Ich hefte das Haus der Fox-Schwestern, der „Mütter des Spiritismus“ in Fiats Worten, an die Wand neben der Leinwand, an der ich gerade arbeite. Das lieblos gefälschte Fenstergespenst sieht lächerlich aus. Ich muss mir überlegen, wie ich das Bild interessanter machen kann. Vielleicht deute ich tatsächlich noch irgendwo ein Tier an. Irgendetwas Lebendiges, um einen Kontrast zu bekommen. Wenn alles tot ist, kommt keine Stimmung auf.
Nachdem wir den Abgabetermin besprochen haben, erzähle ich Fiat von meiner letzten Traumserie. Er findet das alles sehr spannend. Ich weniger.
„Es ist vor allem anstrengend. Wenn ich aufwache, bin ich total gerädert.“
„Schlafmittel sind keine Lösung?“
„Ich habe die Träume sogar, wenn ich betrunken ins Bett gehe.“
„Dann versuche es doch mal mit Klarträumen. Du weißt, was das ist, nehme ich an?“
Fiat, der Mann für pragmatische esoterische Lösungen.
Ich nicke. „Ich konditioniere mich vor dem Einschlafen mit entsprechenden Suggestionen, damit mir im Traum bewusst wird, dass ich träume. Dann suche ich meine Hände. Dann beeinflusse ich die Handlung. Korrekt?“
„Ich habe ein gutes Buch dazu, das bringe ich dir mit“, erwidert er und drückt mir einen Zeigefinger in die Brust.
Fiat hat für jedes Problem ein gutes Buch. Ich zeige zum Regal gegenüber. „Du hast mir schon mal eins zum Thema geschenkt, erinnerst du dich? Danke für den Tipp.“
Beim Rausgehen klopft er mir auf die Schulter. „Wie wäre es mit einem Dreamcatcher, Beat?“
In der Nacht darauf träume ich, dass ich ohne Boot im Meer treibe. Ich werde in einen Sturm gezogen, direkt hinein in die Wellen, in die Gischt, in die Schatten großer Fische oder versunkener Schiffe und die Stimme singt leise und monoton: Noch immer hier. Noch immer hier. Nicht angekommen. Nicht angenommen. Der Schoß verschlossen.
Ich schieße durch immer stürmischere Gewässer. Nicht angenommen, nicht angekommen. Nicht untergegangen, nicht verschluckt, nicht im Blitz verbrannt, nicht an den Felsen zerschellt.
Ich weiß, ich habe festgehalten.

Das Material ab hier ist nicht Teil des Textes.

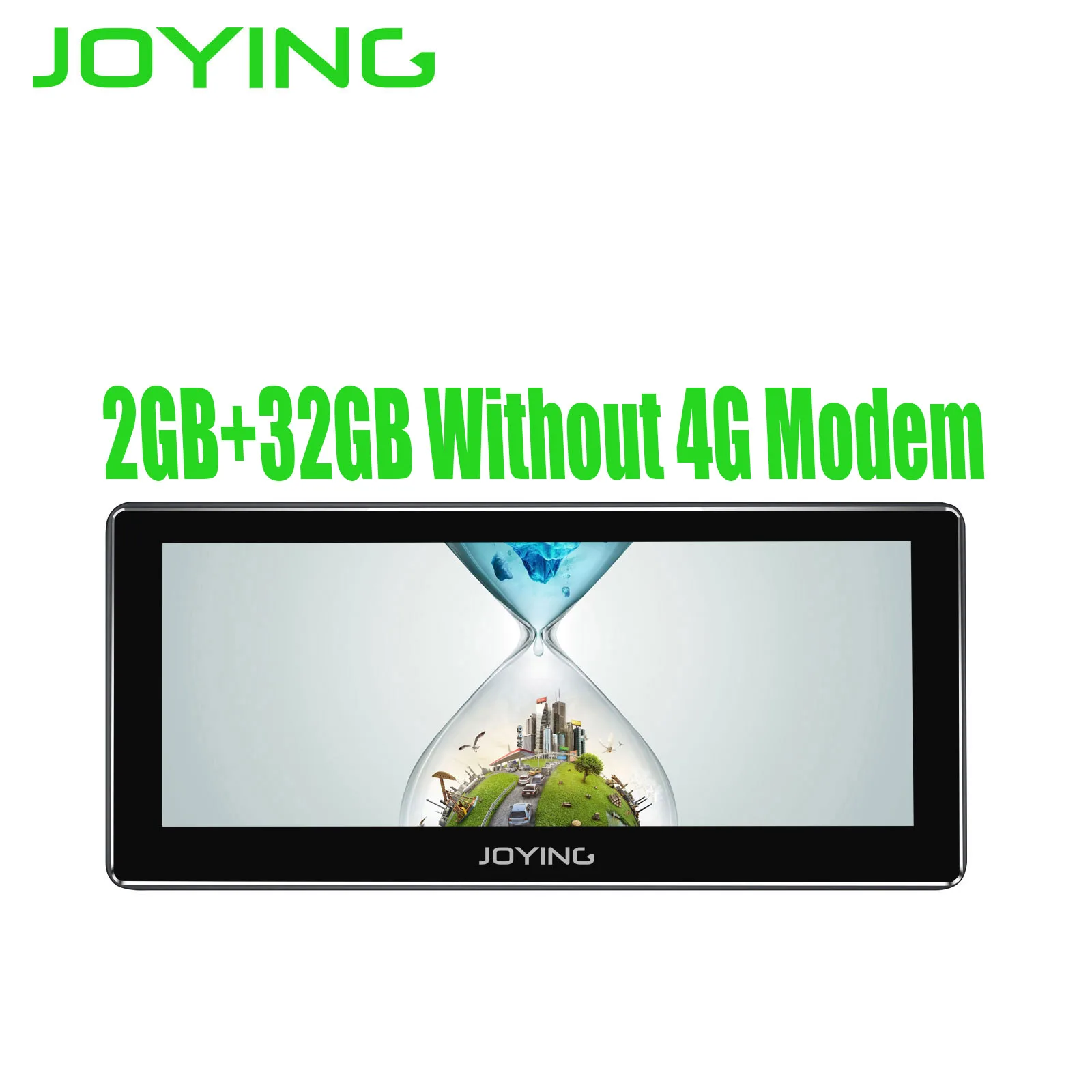 Without 4G Modem 8," радуясь Android 8,1 универсальный автомобильный радиоприемник стерео Восьмиядерный 2 ГБ+ 32 ГБ головное устройство gps мультимедийный плательщик встроенный DSP Mirror Link - Цвет: Without 4G Modem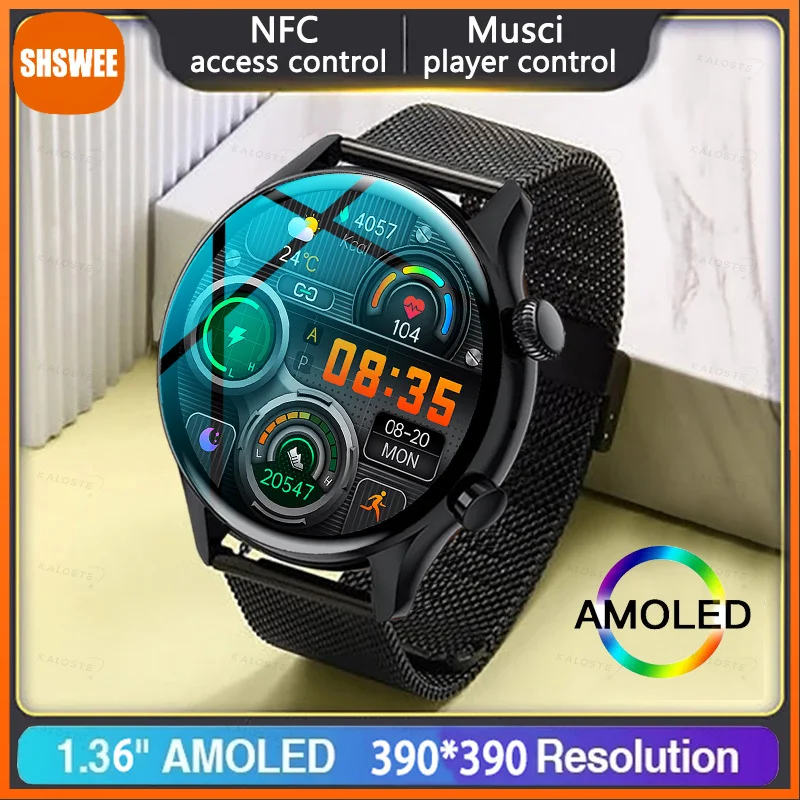 For Xiaomi Huawei Smart Watch Men HD Screen Always on Display Custom Theme Bluetooth Call IP68 Waterproof Sport Smartwatch Man
For Xiaomi Huawei Smart Watch Men HD Screen Always on Display Custom Theme Bluetooth Call IP68 Waterproof Sport Smartwatch Man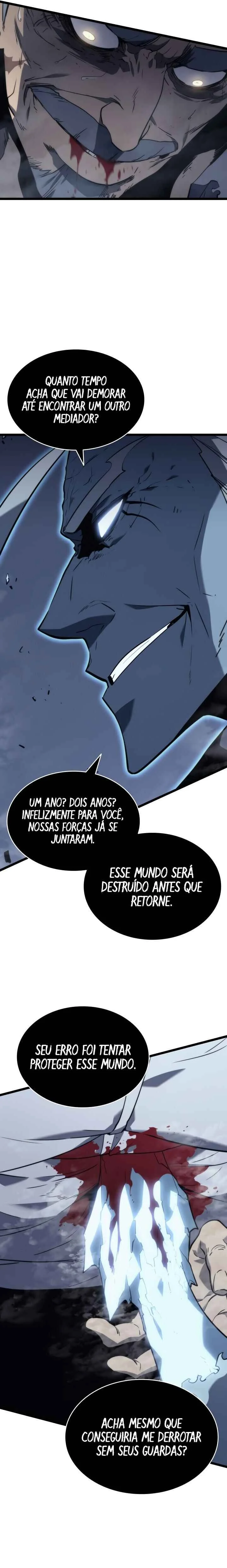 Solo Leveling Capítulo 1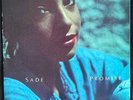 Sade - Promise 1985  1st UK Epic EPC 86318 Soul Jazz Smooth LP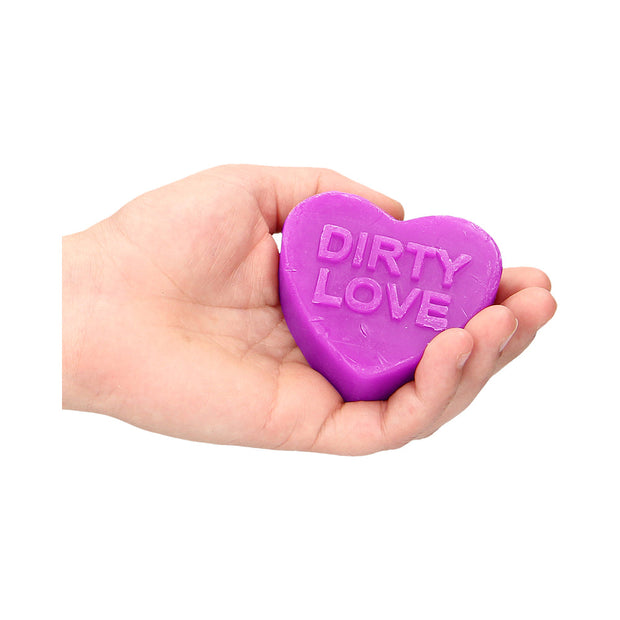 Shots S-Line Love Soap 'Dirty Love' Lavender Scented - Headshop.com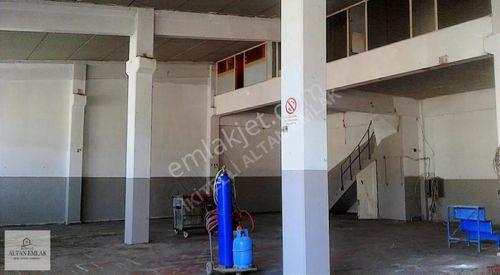 İşyeri-Fabrika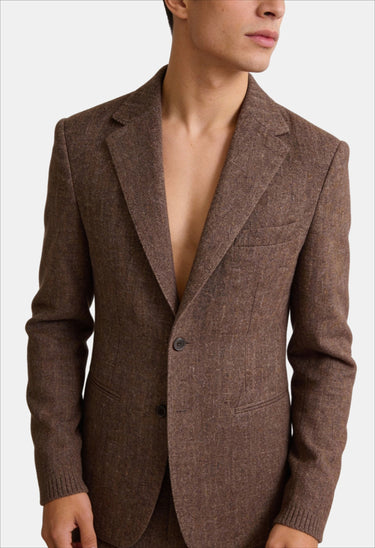 Tailored Slim Fit Men’s Blazer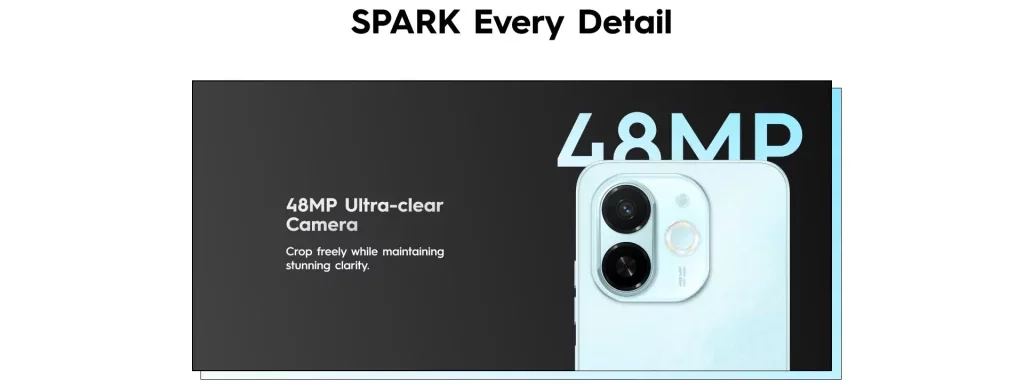 تکنو اسپارک 30C فایوجی با طراحی مشابه با آیفون 16 روانه بازار شد!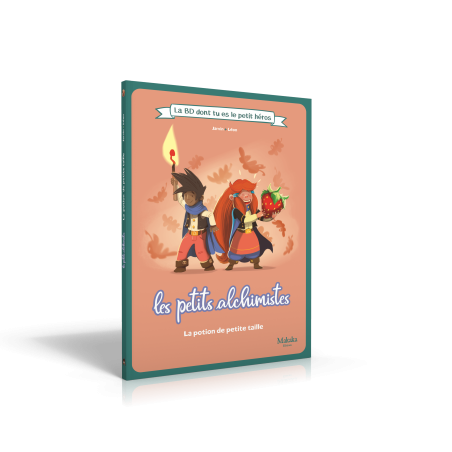LES PETITS ALCHIMISTES : LA...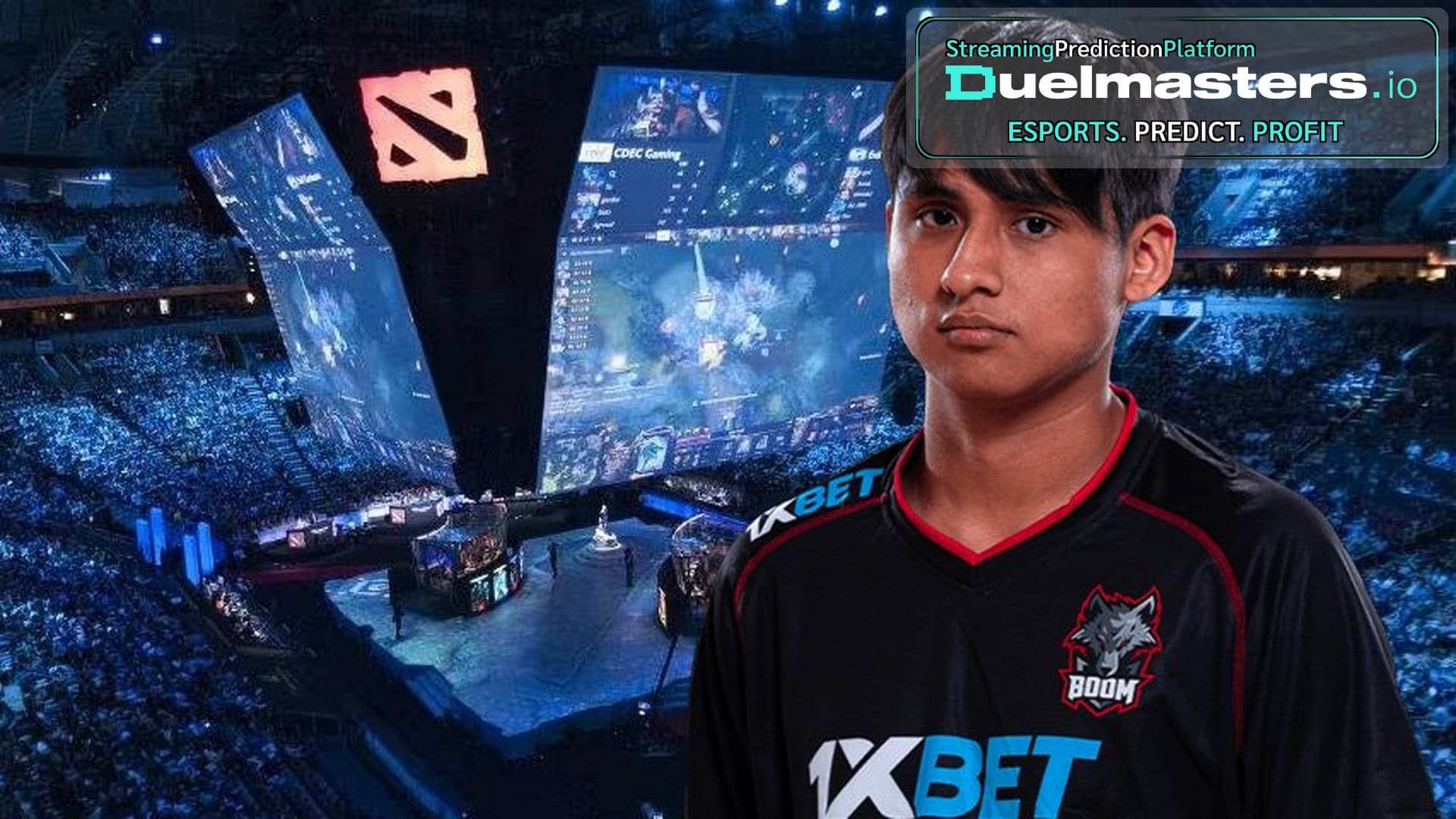 Esports article illustration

Woran? Ich habe keine Ahnung. Womit? Mit meinen Händen. Bevor ich nach den Händen suchen kann, höre ich den Schrei.
Im ersten Moment denke ich, dass ich schon wach bin, dass ich die ganze Zeit wach war, aber ich erwache wahrscheinlich erst von dem Schrei. Sofort fange ich an zu zittern. Der Schrei ist vorbei, doch sein Nachklang hat sich in die Luft gestochen, in meinen schnellen Atem hinein. Ich fahre hoch, setze mich auf die Bettkante. Warte, bis sich die Augen öffnen. Als der Schwindel nachlässt, stehe ich auf und gehe ins Bad. Ich mache das Licht an, drehe den Wasserhahn auf, meine Hände grau in dem hellen Licht. Müde lasse ich meinen Kopf hängen, ins kalte Wasser, in den Kalkgeschmack. Ich muss aufwachen, mich beruhigen, den Schrei vergessen. Ich spritze mir mit den Händen Wasser in die Augen, wasche den Traum weg, greife nach dem Handtuch. Mein Blick fällt in den Spiegel.